The Calgary-based company also increased its 2022 capital spending and production guidance, echoing a similar move by rival Canadian producer Cenovus Energy (CVE.TO) last week.
Oil prices have scaled multi-year highs this year as Western sanctions against major exporter Russia squeeze an already under-supplied market. Brent crude, the global benchmark, was last trading at over $96 a barrel, having surged to more than $120 a barrel during the second quarter.
Canadian Natural said its average realized price for oil rose 88.3% to C$115.26 per barrel in the April-June quarter.
The company updated its 2022 capital budget to C$4.9 billion ($3.8 billion) from C$4.3 billion, in part due to inflationary pressures but also to grow production.
"A big part of spending is tied to backfilling the drilling program, which has been doing a great job of managing costs," Canadian Natural President Tim McKay said in an interview.

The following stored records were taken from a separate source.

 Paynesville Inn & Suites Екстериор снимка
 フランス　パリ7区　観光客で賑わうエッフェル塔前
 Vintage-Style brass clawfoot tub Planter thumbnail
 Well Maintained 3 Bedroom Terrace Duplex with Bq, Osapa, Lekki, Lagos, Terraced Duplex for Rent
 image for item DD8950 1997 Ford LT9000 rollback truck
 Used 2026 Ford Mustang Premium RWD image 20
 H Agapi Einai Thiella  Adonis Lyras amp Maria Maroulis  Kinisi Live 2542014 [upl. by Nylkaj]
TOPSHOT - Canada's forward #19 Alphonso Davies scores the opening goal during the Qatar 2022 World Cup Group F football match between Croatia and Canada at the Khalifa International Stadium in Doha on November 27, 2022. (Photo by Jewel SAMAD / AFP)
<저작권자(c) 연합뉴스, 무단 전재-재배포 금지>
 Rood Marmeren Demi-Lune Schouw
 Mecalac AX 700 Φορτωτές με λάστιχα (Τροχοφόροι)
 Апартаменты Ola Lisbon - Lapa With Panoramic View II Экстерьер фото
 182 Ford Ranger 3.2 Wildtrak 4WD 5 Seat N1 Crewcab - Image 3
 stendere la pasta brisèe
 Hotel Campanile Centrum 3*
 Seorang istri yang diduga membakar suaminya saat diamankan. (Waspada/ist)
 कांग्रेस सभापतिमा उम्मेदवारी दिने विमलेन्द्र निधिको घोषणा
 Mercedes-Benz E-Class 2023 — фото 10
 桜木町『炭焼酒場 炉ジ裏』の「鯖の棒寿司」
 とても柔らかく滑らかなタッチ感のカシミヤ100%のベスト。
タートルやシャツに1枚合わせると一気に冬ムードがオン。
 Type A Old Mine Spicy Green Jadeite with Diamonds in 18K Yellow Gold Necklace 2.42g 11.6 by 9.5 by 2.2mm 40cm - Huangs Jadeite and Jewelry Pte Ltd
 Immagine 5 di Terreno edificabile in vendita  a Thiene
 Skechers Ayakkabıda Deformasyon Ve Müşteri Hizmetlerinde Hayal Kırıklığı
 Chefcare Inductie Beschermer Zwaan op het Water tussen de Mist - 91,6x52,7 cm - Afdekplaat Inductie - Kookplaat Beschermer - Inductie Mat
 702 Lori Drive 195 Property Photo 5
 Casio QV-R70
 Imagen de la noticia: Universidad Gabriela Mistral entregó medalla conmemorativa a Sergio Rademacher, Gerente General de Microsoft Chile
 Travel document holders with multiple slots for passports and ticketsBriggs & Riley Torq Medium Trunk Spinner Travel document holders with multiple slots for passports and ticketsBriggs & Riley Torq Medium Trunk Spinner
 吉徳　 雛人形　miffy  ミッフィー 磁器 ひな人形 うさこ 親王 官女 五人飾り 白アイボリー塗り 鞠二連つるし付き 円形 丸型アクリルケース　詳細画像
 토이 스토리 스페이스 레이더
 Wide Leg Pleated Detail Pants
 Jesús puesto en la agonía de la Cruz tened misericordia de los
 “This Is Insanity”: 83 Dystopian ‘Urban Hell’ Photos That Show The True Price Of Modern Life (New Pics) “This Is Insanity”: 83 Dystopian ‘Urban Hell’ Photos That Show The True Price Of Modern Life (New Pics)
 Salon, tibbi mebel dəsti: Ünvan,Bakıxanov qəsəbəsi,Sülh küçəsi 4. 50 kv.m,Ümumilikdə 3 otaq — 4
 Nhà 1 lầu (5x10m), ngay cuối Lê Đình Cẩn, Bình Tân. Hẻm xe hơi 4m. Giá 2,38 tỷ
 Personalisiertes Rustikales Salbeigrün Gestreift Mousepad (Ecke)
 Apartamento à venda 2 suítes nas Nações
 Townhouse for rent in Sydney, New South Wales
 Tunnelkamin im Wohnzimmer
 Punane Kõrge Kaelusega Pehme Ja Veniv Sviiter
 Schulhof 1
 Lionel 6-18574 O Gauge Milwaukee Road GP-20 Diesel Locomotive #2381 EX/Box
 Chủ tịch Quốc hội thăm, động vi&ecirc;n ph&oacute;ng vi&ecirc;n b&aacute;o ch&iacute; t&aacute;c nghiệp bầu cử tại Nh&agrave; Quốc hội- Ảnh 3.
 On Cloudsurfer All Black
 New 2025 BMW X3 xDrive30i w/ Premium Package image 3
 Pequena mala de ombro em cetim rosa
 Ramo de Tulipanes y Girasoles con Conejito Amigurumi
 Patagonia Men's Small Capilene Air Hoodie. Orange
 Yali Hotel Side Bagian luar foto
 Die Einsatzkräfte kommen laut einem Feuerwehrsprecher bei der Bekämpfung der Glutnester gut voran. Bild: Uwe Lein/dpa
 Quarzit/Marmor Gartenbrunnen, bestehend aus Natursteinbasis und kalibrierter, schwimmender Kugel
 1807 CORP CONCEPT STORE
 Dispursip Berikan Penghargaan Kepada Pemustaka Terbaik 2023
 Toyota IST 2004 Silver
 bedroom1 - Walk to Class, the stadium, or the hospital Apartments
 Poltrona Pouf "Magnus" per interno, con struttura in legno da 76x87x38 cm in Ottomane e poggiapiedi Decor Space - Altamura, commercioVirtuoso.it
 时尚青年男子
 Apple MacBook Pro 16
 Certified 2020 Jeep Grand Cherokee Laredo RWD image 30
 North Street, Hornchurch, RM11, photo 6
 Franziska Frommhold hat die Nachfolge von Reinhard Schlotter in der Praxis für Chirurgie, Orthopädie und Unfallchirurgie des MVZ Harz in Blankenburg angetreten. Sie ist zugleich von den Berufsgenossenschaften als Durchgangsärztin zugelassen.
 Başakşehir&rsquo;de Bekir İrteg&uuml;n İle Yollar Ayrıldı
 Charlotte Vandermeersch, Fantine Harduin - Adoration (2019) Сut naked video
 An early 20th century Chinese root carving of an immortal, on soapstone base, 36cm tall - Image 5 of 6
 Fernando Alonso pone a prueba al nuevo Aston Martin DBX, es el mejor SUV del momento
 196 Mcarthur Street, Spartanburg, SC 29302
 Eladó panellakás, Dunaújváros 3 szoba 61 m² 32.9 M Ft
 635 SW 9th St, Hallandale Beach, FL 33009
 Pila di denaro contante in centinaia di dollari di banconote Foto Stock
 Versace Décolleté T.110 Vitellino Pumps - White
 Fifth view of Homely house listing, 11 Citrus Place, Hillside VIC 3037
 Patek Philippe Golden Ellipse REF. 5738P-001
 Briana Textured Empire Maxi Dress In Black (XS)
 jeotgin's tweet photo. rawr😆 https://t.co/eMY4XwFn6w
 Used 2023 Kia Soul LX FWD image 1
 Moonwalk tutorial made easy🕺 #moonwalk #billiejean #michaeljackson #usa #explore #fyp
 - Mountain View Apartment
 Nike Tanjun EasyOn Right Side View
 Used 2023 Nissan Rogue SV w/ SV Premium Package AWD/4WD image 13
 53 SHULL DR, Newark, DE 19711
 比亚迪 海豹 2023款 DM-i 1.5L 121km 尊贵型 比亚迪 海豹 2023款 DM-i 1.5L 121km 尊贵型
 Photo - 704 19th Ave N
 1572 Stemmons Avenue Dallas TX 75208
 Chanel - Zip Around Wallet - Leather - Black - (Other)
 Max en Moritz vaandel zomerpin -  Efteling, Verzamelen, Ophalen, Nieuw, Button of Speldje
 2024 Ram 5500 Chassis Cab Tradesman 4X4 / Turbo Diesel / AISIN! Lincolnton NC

2022 production will rise 1-2% from its previous forecast to 1.295 million-1.335 million barrels of oil equivalent (boepd), and upped its 2023 and 2025 output forecasts by 40,000 boepd and 96,000 boepd, respectively.
"We view the results and updates positively given the increased capital program was largely expected by the Street," said BMO Capital Markets analyst Randy Ollenberger.
Still, Canadian Natural shares were down 0.6% at C$65.48 on the Toronto Stock Exchange, amid a broader selloff in energy stocks.
Second-quarter production stood at 1.2 million boepd, slightly above last year's 1.1 million boepd.
The company posted net earnings of C$3.5 billion ($2.72 billion), or C$3 per share, for the second quarter ended June 30, compared with C$1.55 billion or C$1.30 per share, a year earlier.